The problem
When you reach the line that contains "Balaca Sanrio para Skincare y Maquillaje" below, transcribe it and each line after it word for word to the end of the records, omitting pictures.

(Short web captions)
━━━━━━━━━━
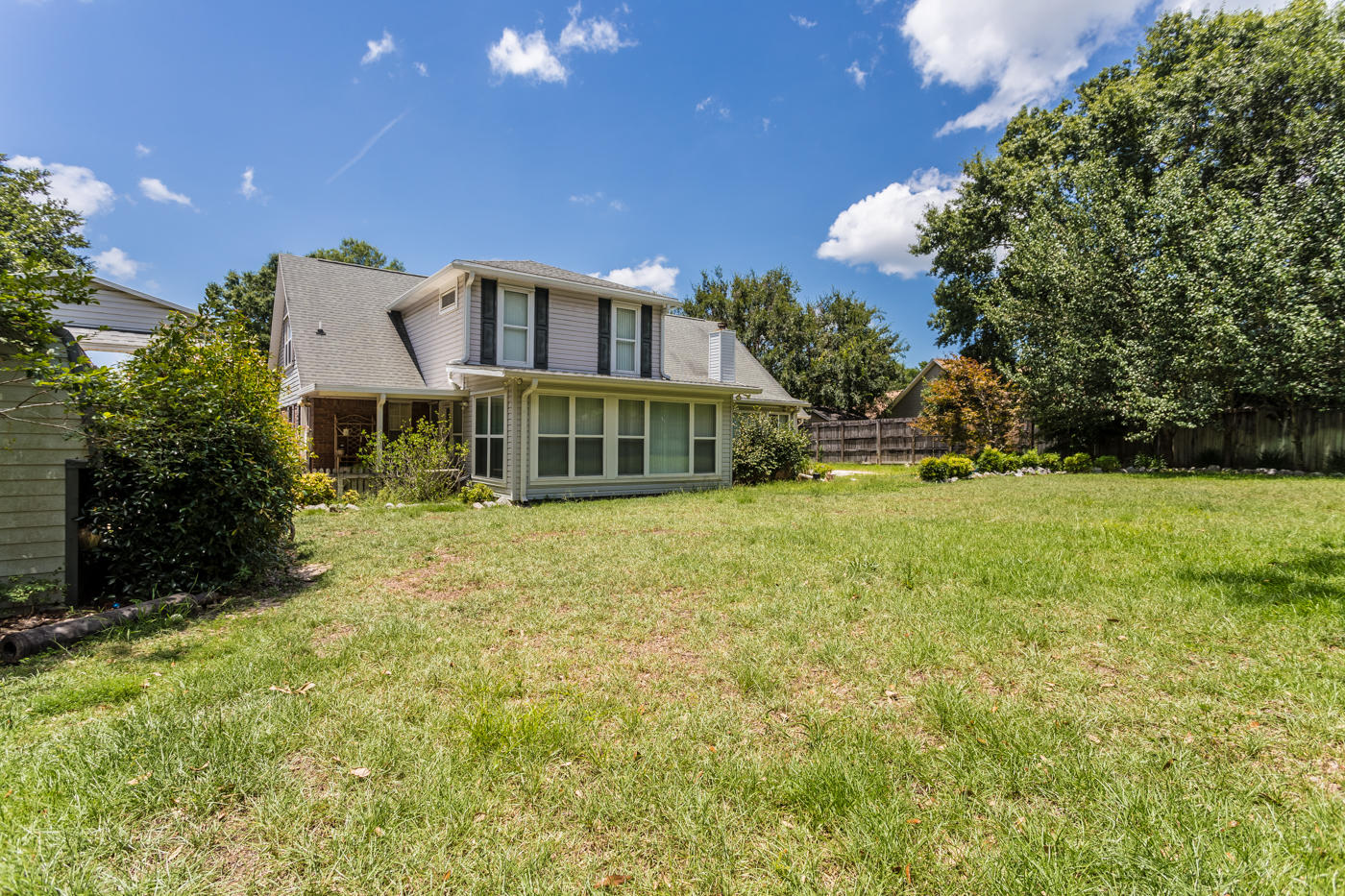 Plantation Oaks Subdivision - Residential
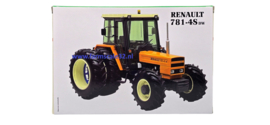 Renault 781 4S DRW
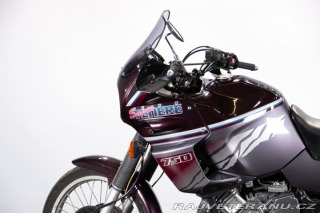 Yamaha XT XTZ 750 SUPERTENERE 1990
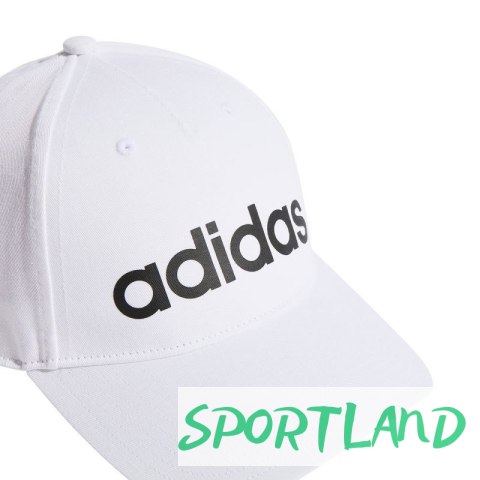 Czapka z daszkiem adidas Daily Cap IC9707 Dorośli S/M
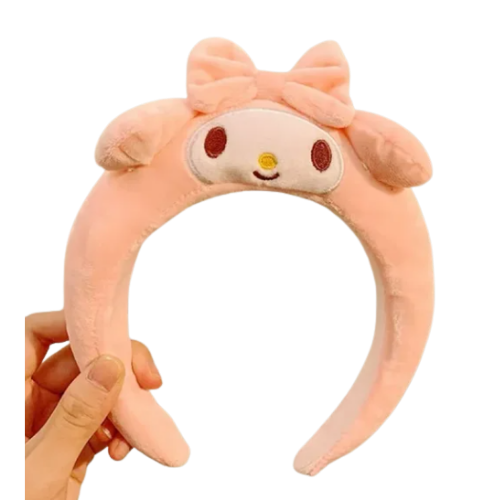 Balaca Sanrio para Skincare y Maquillaje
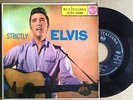 45 rpm EP ELVIS PRESLEY 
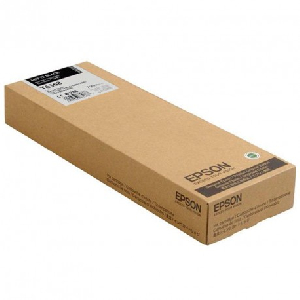 Cartucho Original EPSON T6368 Negro - C13T636800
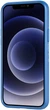 Протиударний силіконовий чохол Tech21 Evo Slim для Iphone 12 Pro Max (6.7") Classic Blue - зображення 6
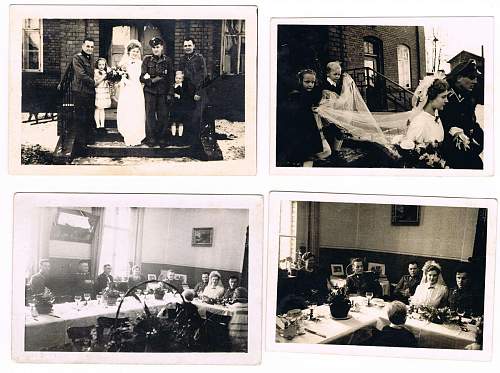 SS - GERMANIA Wedding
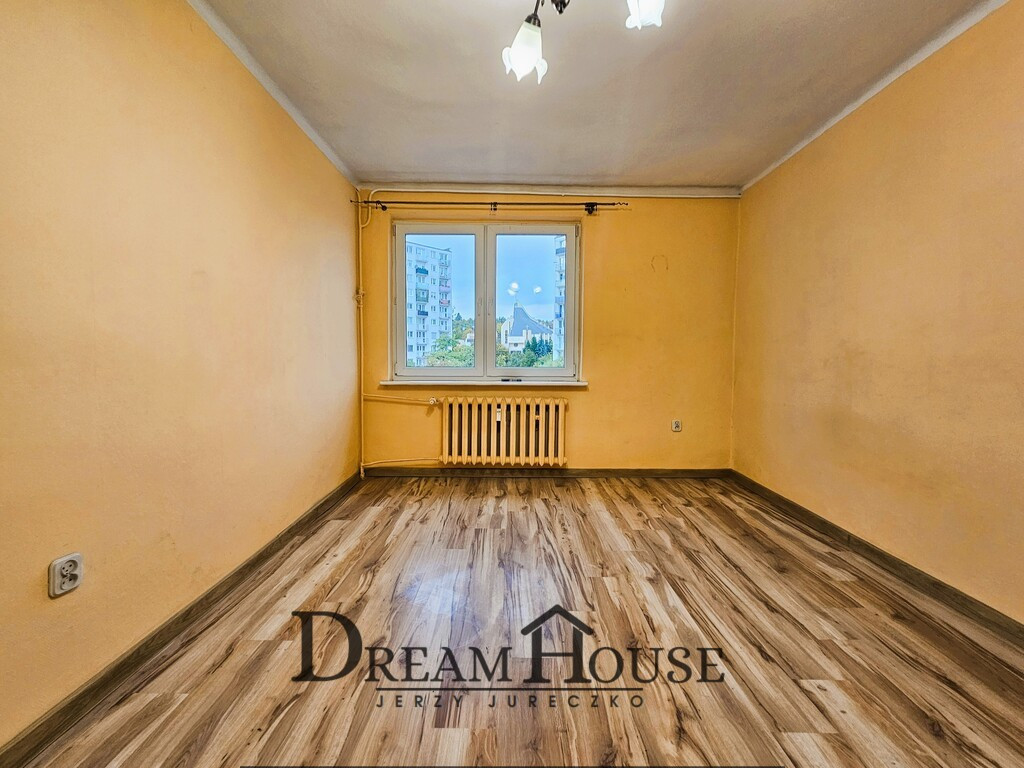 Mieszkanie – Gorzów Wielkopolski - Widok 4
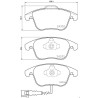 Pastiglie Freno Brembo 07.D435.04 SPORT HP2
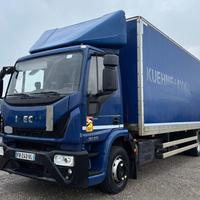 IVECO NEW EUROCARGO ML 120E21P EVI_C E6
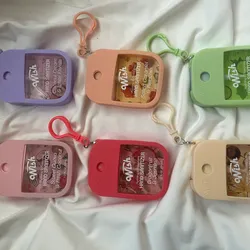 Desinfectante de Manos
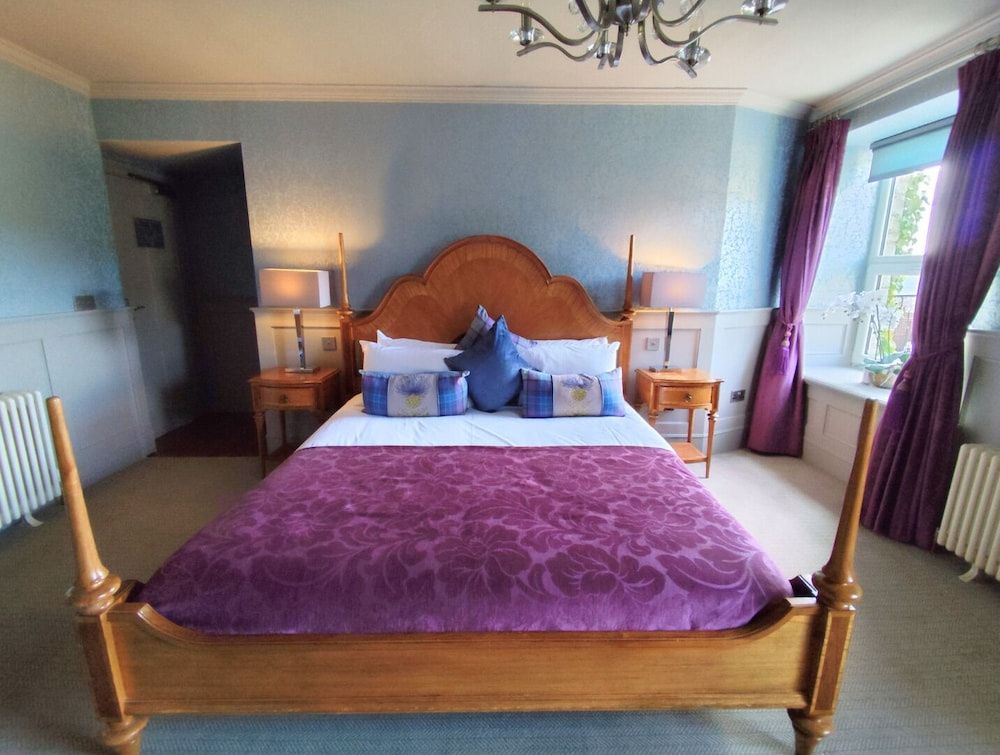 Muckrach Country House - Chambres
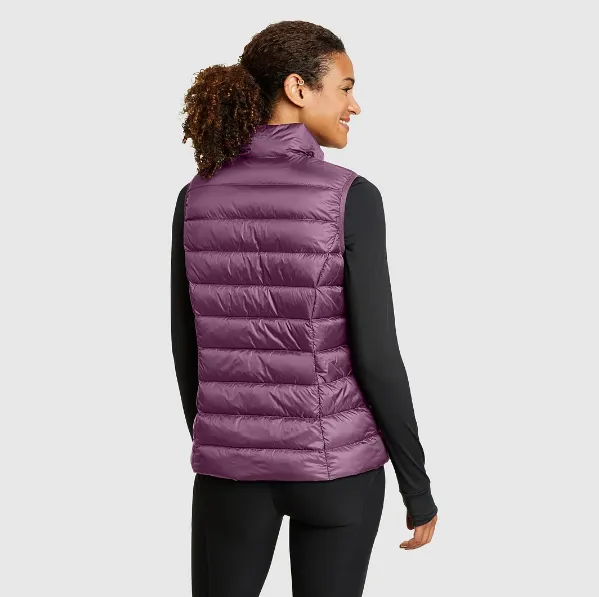 Women's CirrusLite Down Vest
━━━━━━━━━━
Solution to the problem
 Balaca Sanrio para Skincare y Maquillaje
 45 rpm EP ELVIS PRESLEY 
 Cartucho Original EPSON T6368 Negro - C13T636800
 Протиударний силіконовий чохол Tech21 Evo Slim для Iphone 12 Pro Max (6.7") Classic Blue - зображення 6
 SS - GERMANIA Wedding
 Mieszkanie – Gorzów Wielkopolski - Widok 4
 Pastiglie Freno Brembo 07.D435.04 SPORT HP2
 IVECO NEW EUROCARGO ML 120E21P EVI_C E6
 Desinfectante de Manos
 Muckrach Country House - Chambres
 Women's CirrusLite Down Vest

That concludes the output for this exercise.